For the past several decades, researchers have been tracking the decline in dissolved oxygen in the tropical Pacific Ocean. Less dissolved oxygen means that fewer aquatic creatures can survive there, which is bad news for that region’s ecosystem.

But while they could agree on the decline, researchers had trouble deciphering the cause. Now a new theory, put forth by scientists at Georgia Tech, NASA, NC State and the University of Washington and based on computer modeling, may provide part of the answer – air pollution.

Air pollution doesn’t just sink into the ocean and disrupt the environment. Instead, there’s a chain of events that begins with dust and ends with decomposition and oxygen use.

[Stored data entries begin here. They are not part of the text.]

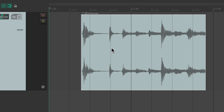So that's pretty much it — that's the grid and snapping in Reaper. I hope you learned something, hope you can use it, and I'll see you next time. Thanks.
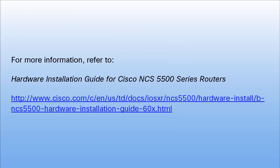For more information, refer to the Hardware Installation Guide for Cisco NCS 5500 Series Routers.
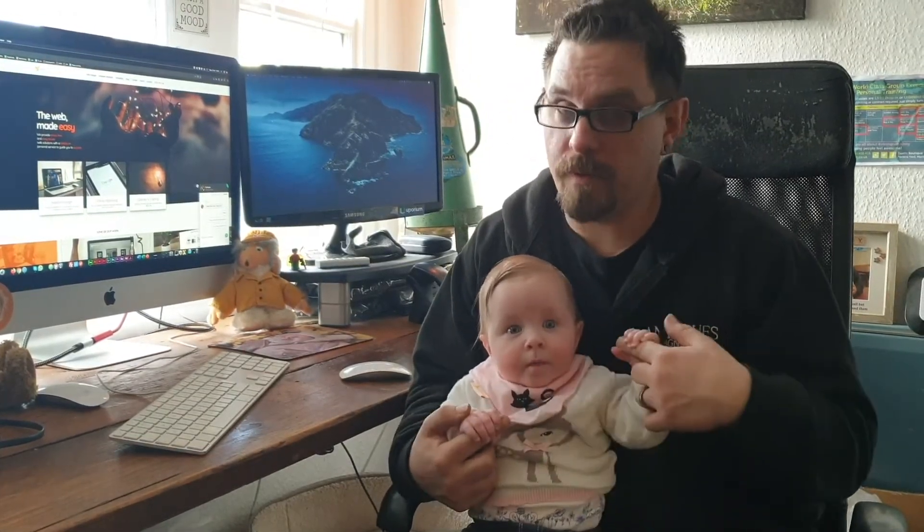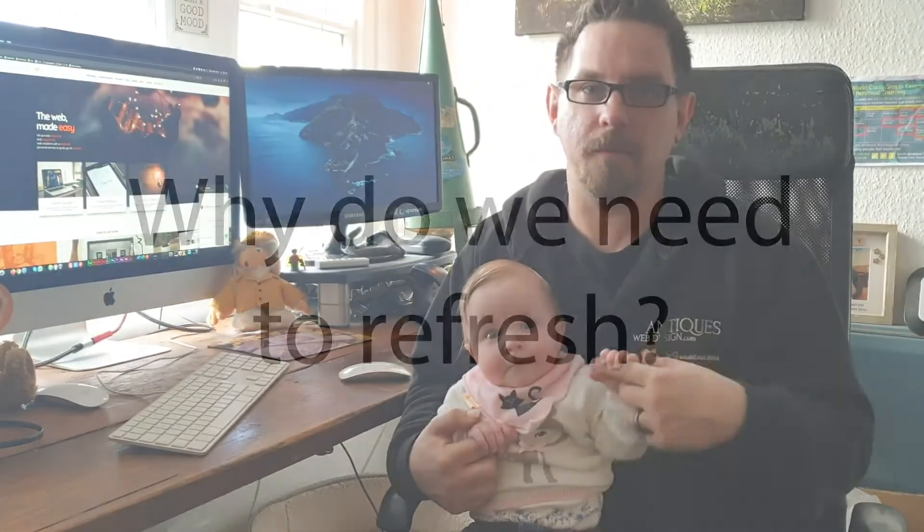Hi everybody, today I'm going to be showing you how to refresh your web browser. It's so easy a baby can do it.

Dust is always in the air around us, taken up by wind and transported all over the globe until it settles out someplace else, like the ocean. The dust contains the mineral form of iron, which would normally just oxidize, or rust, and sink. But when dust interacts with an acidic environment, like that produced by atmospheric pollution, it releases soluble iron. Increasing quantities of this soluble atmospheric anthropogenic iron and fixed nitrogen entering the open ocean increase the amount of phytoplankton – those tiny plants that many aquatic creatures love to eat.

More food for the fishes is a good thing, right? Not necessarily. The increased amount of plankton also increases the decomposition of organic material as it sinks through undersea currents and falls to the bottom of the sea. The process of decomposition takes oxygen out of the water.

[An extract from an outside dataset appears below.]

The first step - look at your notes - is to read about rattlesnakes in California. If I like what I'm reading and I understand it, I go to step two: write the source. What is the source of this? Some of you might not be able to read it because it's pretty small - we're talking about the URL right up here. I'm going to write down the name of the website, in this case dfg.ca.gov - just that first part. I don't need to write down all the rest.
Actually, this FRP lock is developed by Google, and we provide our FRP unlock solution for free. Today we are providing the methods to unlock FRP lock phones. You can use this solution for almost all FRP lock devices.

The researchers, led by Georgia Tech’s Taka Ito, decided to test their theory by constructing a computer model that reproduced the pattern of oxygen changes from 1970 to 1990. They found that while temperature change was small and didn’t affect the oxygen levels, iron and nitrogen did.

“There are multiple sources of iron that find their way into the ocean, from the rivers, air, sediments and hydrothermal vents,” says Nicholas Meskhidze, associate professor of marine, earth and atmospheric sciences and a co-author of a paper describing the research, “but the farther you get from the coasts, the source with the most impact comes from the atmosphere, due to its conversion of the iron into a soluble form. And very small amounts of soluble iron can have a large effect.

“This model allows us to trace the impact of aerosol pollution on oxygen levels in the ocean and gives us a window into what may happen if these levels increase.”

The research appears in Nature Geoscience.